Researchers discover heart stem cells in animals

The cells are similar to embryonic cells and can grow into various types of tissue.

Mike Enright

Too small to see with the naked eye, the microscopic cell pulses with the potential to heal the body’s strongest muscle.

University researchers have discovered undeveloped adult stem cells in the hearts of animals that share many of the same characteristics of embryonic stem cells.

The study results were published in the February edition of Nature Clinical Practice Cardiovascular Medicine.

The cells have as much, if not more, potential as many of the other cells researchers have worked with previously, said paper co-author Doris Taylor, the director of the University’s Center for Cardiovascular Repair.

“If you give them the right nutrients and media that they need, they’ll actually develop into beating heart cells in a dish,” she said.

Fellow author Dr. Harald Ott, the former scientific director of the center, said University scientists are the first to discover this specific kind of cell.

“What we’ve shown is that our cells actually express the same markers as embryonic stem cells,” he said.

The researchers used cells found in rats and mice, Ott said, to show their methods could work for multiple species.

The next step, Taylor said, is to find a comparable cell in humans, which they believe is likely to happen. Recently, the scientists successfully isolated this type of cell from pigs, animals physiologically similar to humans.

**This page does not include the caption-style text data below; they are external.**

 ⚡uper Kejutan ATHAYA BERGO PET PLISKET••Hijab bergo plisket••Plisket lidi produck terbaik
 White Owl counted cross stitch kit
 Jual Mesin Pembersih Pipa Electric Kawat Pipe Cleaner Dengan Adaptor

“The bottom line is we’ve found these cells. We’re excited by these cells and we’re hopeful we can now start working with surgeons to find the same cells in biopsies of human hearts,” she said.

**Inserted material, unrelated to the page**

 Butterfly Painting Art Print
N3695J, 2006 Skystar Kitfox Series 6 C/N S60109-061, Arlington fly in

If found, the cells could be used in clinical trials to develop new treatments for patients suffering from heart failure, repair damage after a person has a heart attack or possibly create new tissue for people in need of transplants.

“Basically, we have the components we need to begin to build new hearts,” Taylor said.

The project began in December 2004 and ended last May, said Thomas Matthiesen, an associate scientist in the center and study author.

In that year and a half, Matthiesen said he and fellow University scientist Saik-Kia Goh handled many of the day-to-day operations of the research.

First, they would isolate the cells by chopping up pieces of heart tissue and exposing it to enzymes in a media culture, he said.

“After a few days, the cells would start to surface above the meat chunks and those were our cells,” Matthiesen said.

Then they characterized the cells, Goh said, which is how they determined their embryonic characteristics. After that, scientists injected the cells into damaged hearts where they observed the cells repairing the tissue.

Part of what makes these cells so unique, he said, is they can grow into many different kinds of tissues, such as embryonic cells, but also can improve heart function.

“That’s a pretty powerful one-two punch,” he said.